[Opening RECORDS FOR PROCESSING section]
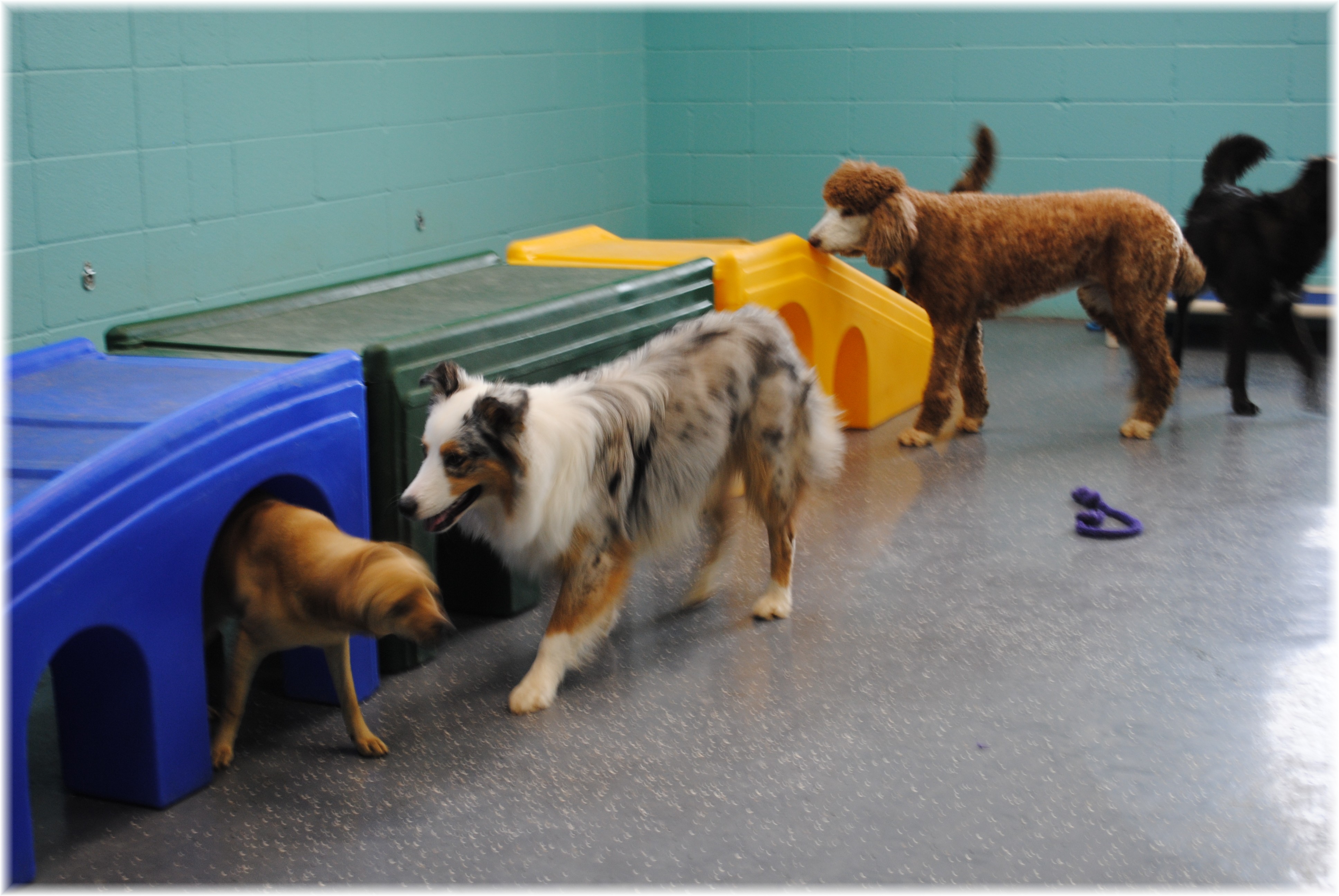 dog-daycare-5 – Paradise Pet Resort & Spa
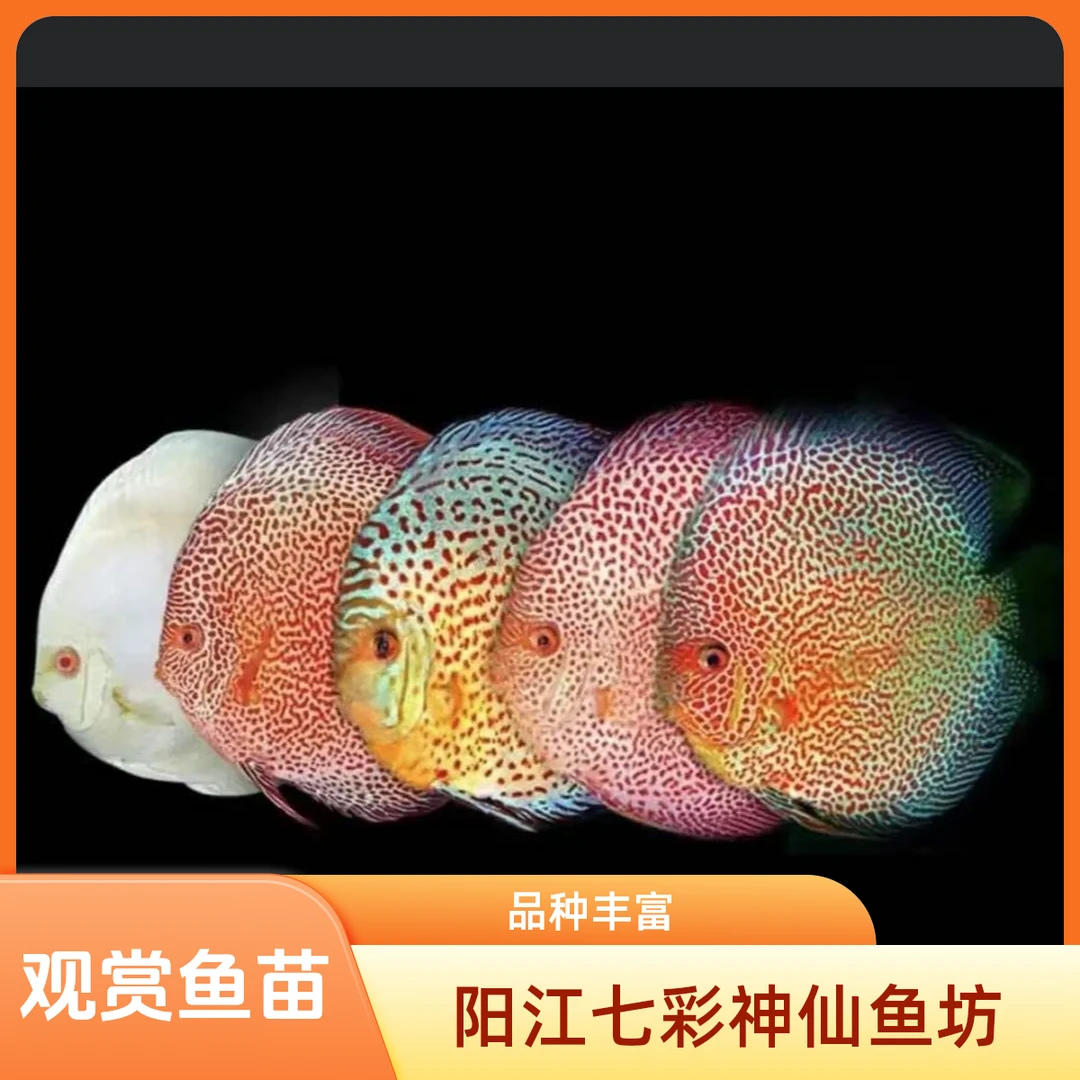 七彩神仙鱼热带观赏鱼专属改价链接2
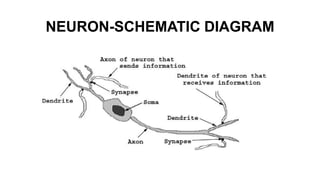 NEURON-SCHEMATIC DIAGRAM
 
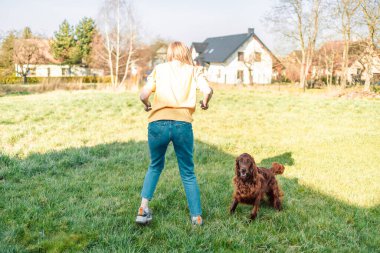 Parkta İrlandalı Setter köpeğiyle oynayan genç bir kadın. Sarışın, çekici, 30 'lu yaşlarda, İrlandalı yerleşimci köpeği olan bir kadın..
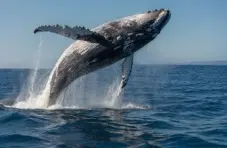 A photo of a humpback whale breaching from the ocean with water spray against a clear blue sky background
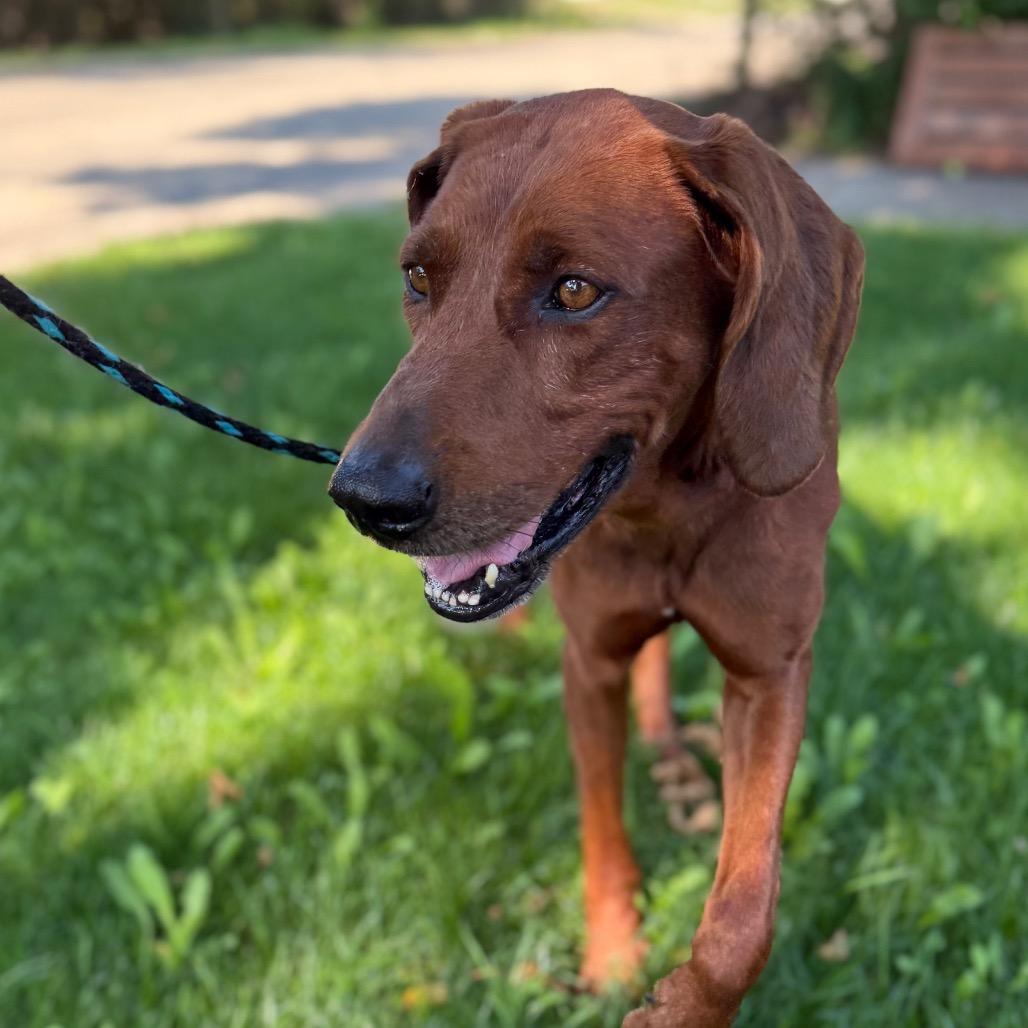 Enlarge Red $400, a Adoptable Redbone Coonhound in Milwaukee, WI image 5/6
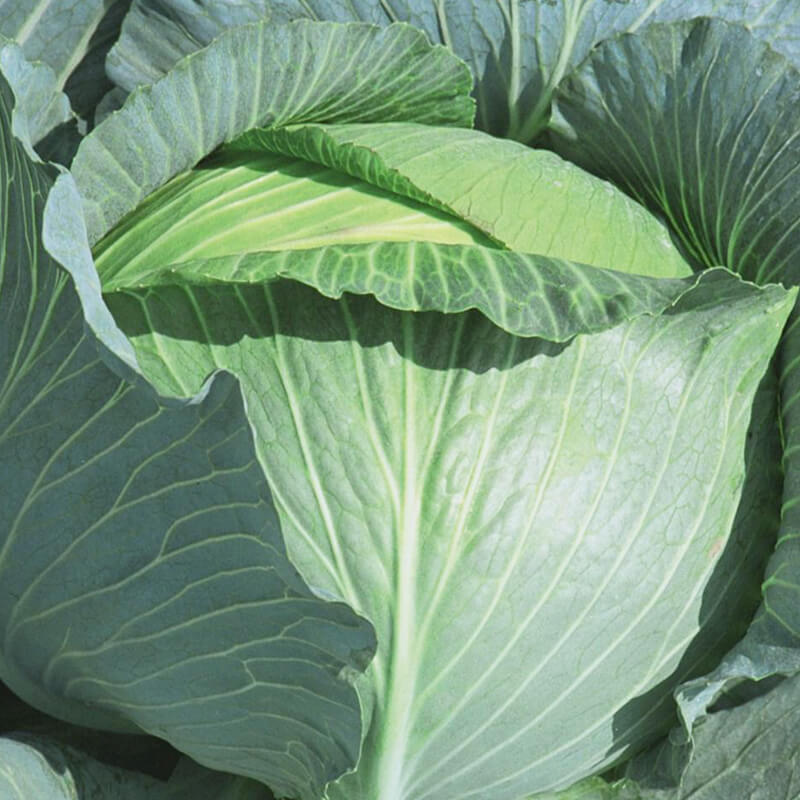 Капуста білоголова ТАЙФУН F1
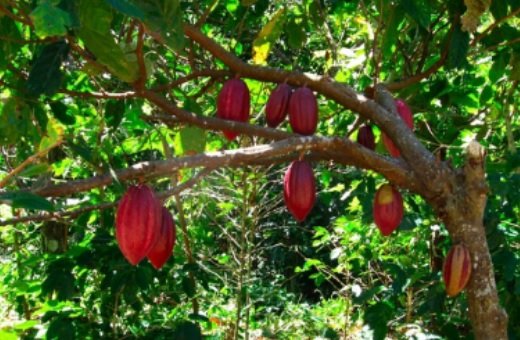 Cacao-Fairtrade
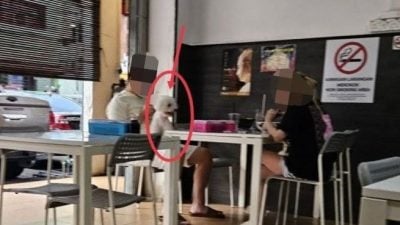 男女带狗进餐厅惹争议 店家道歉坦承疏忽：我们有贴告示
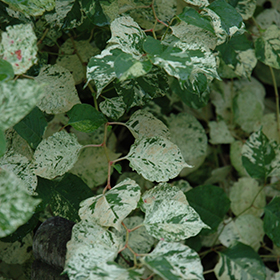 Plant Photo 4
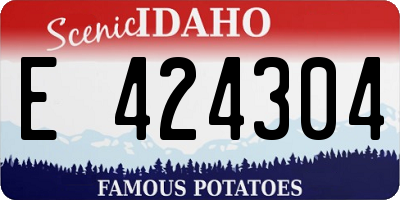 ID license plate E424304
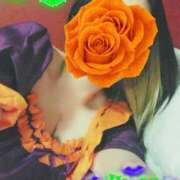 ヒメ日記 2025/10/29 14:01 投稿 みいな トマトなび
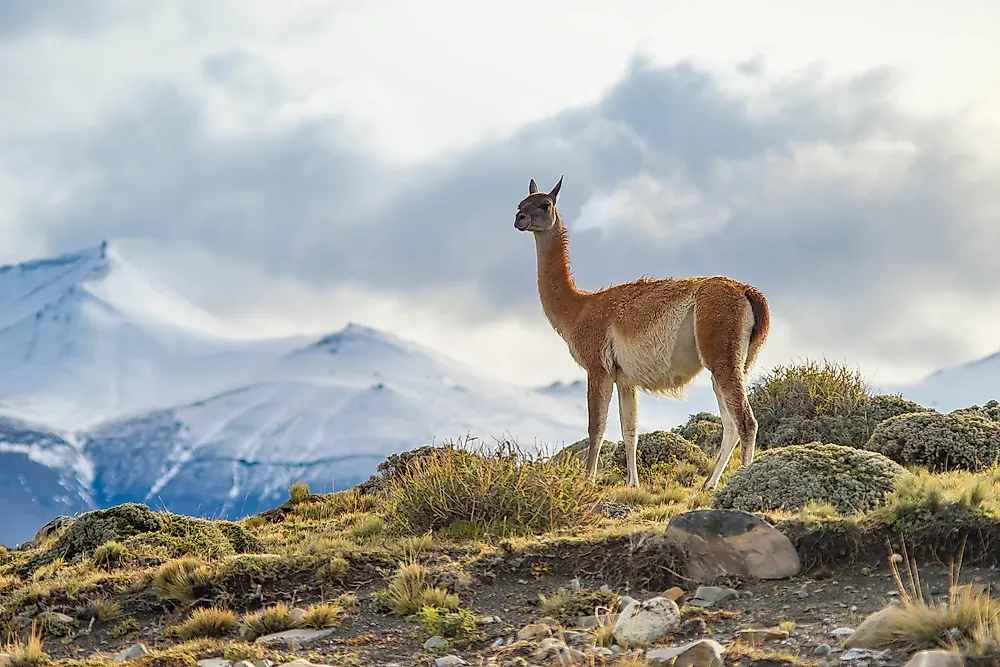 What Animals Live In The Andes Mountains? - WorldAtlas.com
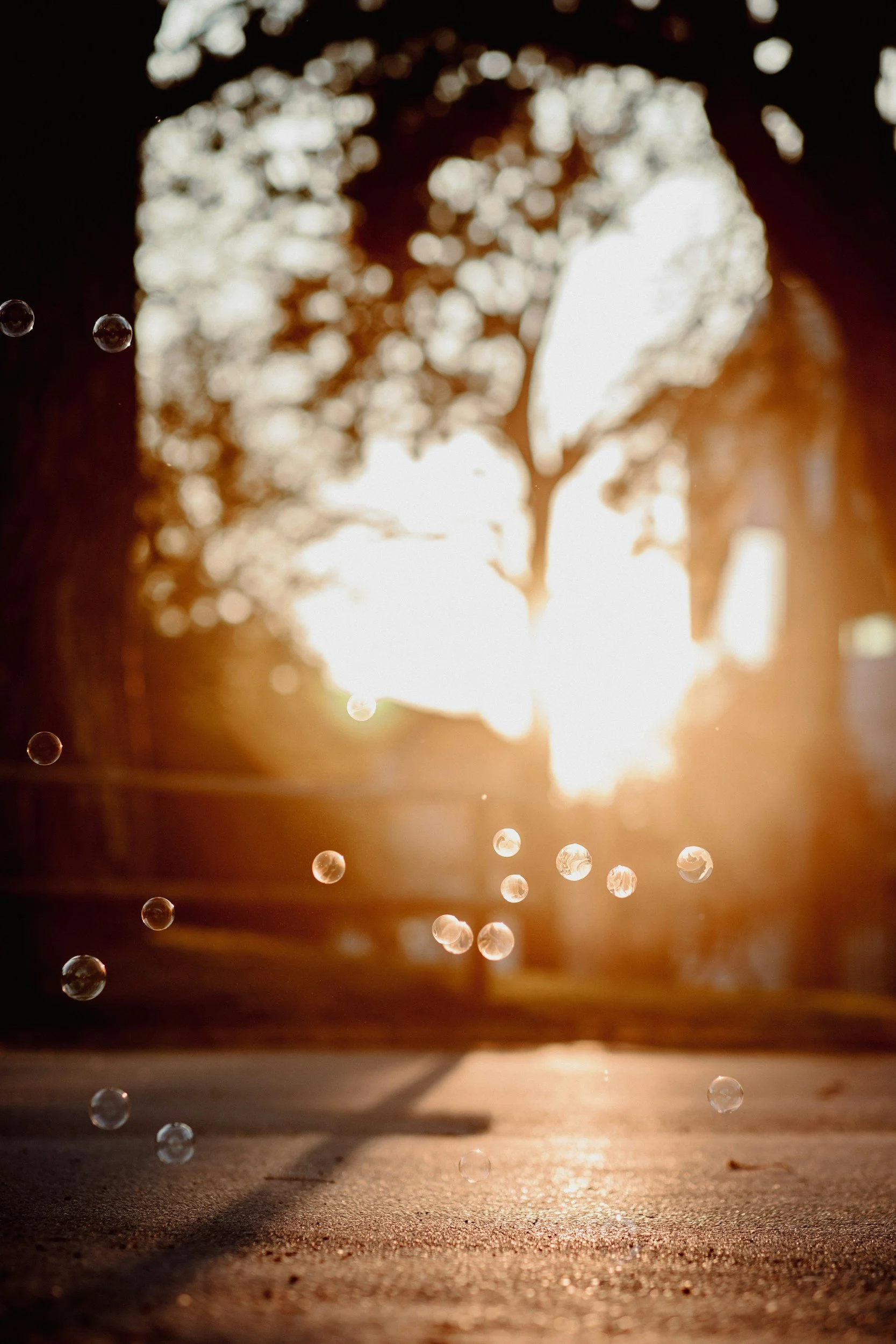 Soap bubbles in warm light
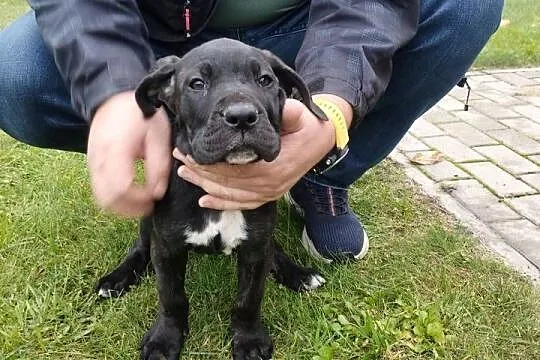 Piękne Szczeniaki Cane Corso Italiano, Mazowieckie, Wiskitki
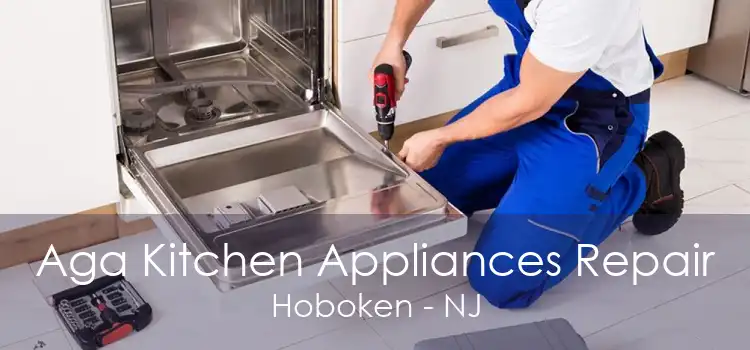 Aga Kitchen Appliances Repair Hoboken - NJ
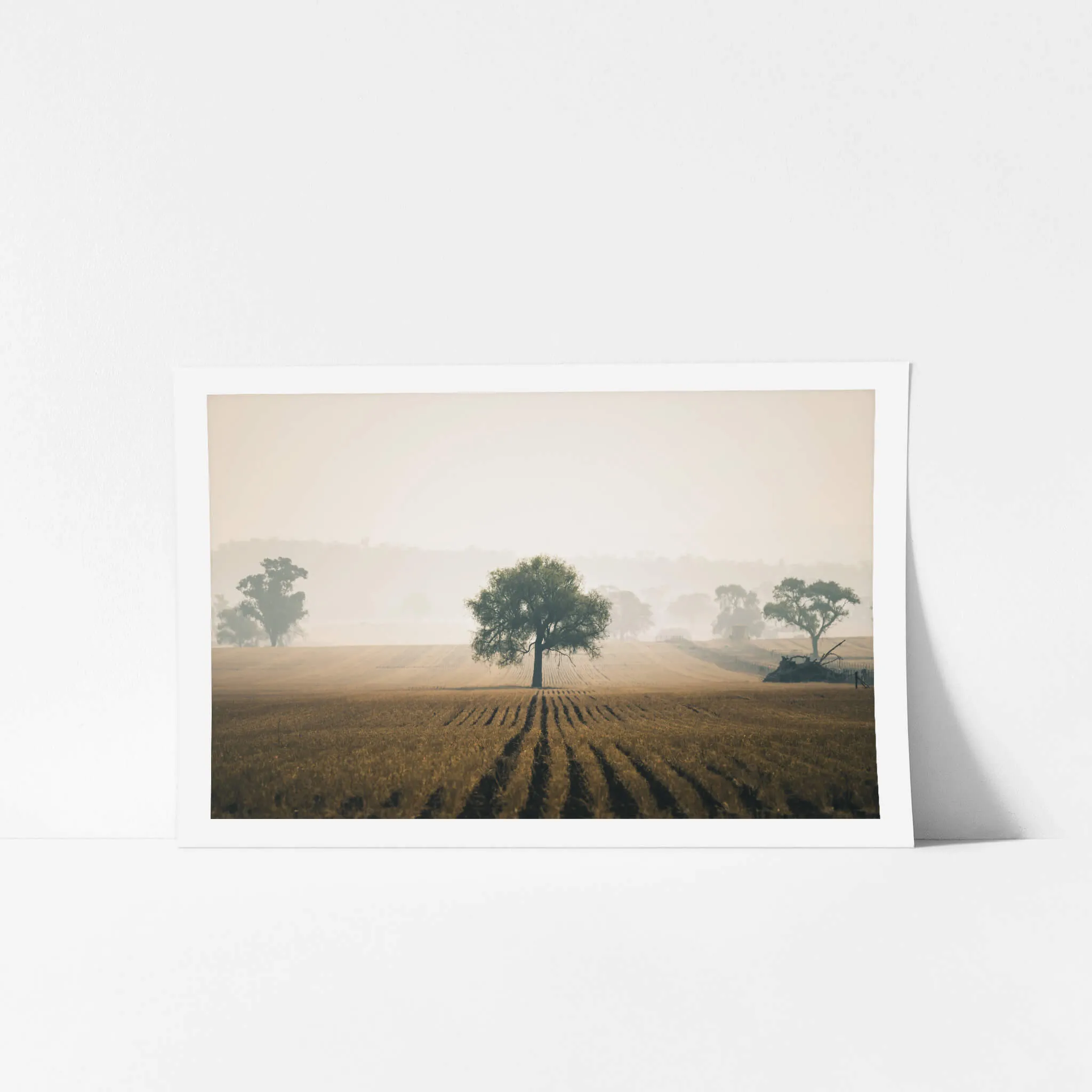 Solitude | Landscapes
[Closing RECORDS FOR PROCESSING section]
EXERCISE DETAILS ▸
Copy only what runs above from the line containing "Капуста білоголова ТАЙФУН F1" through the line containing "Soap bubbles in warm light", exactly. Leave out the pictures.

RESULT OF THE EXERCISE ▸
 Капуста білоголова ТАЙФУН F1
 Cacao-Fairtrade
 男女带狗进餐厅惹争议 店家道歉坦承疏忽：我们有贴告示
 Plant Photo 4
 ID license plate E424304
 ヒメ日記 2025/10/29 14:01 投稿 みいな トマトなび
 What Animals Live In The Andes Mountains? - WorldAtlas.com
 Soap bubbles in warm light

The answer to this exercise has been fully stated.